- 3 lbs. Yukon Gold Potatoes, peeled and thinly sliced
- 1 large (about 1 lb.) sweet onion, sliced thin lengthwise
- 2 cups smoked Gouda with herbs shredded
- 3 cups ham, cut into small cubes
- 3 cups milk
- 1 cup heavy cream
- 1/3 cup butter
- 1/3 cup flour
- 4 cups (about 1 lb.) shredded smoked Gouda with herbs
Preheat oven to 400 degrees.
In a medium saucepan over a medium heat, melt butter. Whisk in flour until combined, cooking for 2-3 minutes. Slowly whisk in milk and heavy cream until smooth and lump free. Add cheese and stir until melted; mixture may appear slightly lumpy due to the herbs in cheese.Set aside.

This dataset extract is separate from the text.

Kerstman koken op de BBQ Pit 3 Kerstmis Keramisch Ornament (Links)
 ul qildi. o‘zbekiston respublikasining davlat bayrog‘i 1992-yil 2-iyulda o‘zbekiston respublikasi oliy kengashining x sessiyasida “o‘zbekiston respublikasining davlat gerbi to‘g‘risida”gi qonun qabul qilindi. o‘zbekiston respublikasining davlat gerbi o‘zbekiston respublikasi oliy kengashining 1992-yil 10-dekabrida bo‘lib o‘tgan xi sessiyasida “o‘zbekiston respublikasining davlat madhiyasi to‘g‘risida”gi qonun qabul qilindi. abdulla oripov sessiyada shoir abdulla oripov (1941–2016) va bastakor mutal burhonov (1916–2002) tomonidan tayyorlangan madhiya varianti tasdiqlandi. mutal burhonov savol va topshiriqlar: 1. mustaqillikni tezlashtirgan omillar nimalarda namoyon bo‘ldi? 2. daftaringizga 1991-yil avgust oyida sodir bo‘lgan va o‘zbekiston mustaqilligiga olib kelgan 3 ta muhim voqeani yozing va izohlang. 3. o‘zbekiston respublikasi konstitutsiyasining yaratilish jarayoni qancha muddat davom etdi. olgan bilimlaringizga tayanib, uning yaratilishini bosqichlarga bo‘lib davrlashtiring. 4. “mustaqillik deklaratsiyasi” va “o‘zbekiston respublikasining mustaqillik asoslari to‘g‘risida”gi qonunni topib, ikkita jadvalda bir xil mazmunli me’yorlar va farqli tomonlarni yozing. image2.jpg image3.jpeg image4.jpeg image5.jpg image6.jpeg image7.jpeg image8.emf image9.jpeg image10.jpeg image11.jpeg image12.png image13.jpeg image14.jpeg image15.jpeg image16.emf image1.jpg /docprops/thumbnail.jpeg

In a sauté pan, heat small amount of oil and sauté onions & ham; set aside. Grease the bottom of an 11 x 15 baking dish. Layer the pan with a quarter of the potatoes fully covering the bottom of pan. Sprinkle about a quarter of the ham/onion mixture over potatoes followed by a half cup of shredded cheese. Then, spread a thin layer of cheese sauce. Repeat completing 3 layers and the last layers being potatoes. Then, pour the rest of the cheese sauce leaving out the ham/onion mixture. Cover with foil and bake for about one hour. In a small bowl, mix the remaining ham/onion mixture with the remaining shredded cheese and set aside to use as a topping later. After baking one hour, check to see if potatoes are tender. If not, cover and bake an additional 25 to 30 minutes. When done, remove foil and sprinkle top with remaining ham/onion/cheese mixture and place back in oven until cheese is melted and golden brown. Serve hot.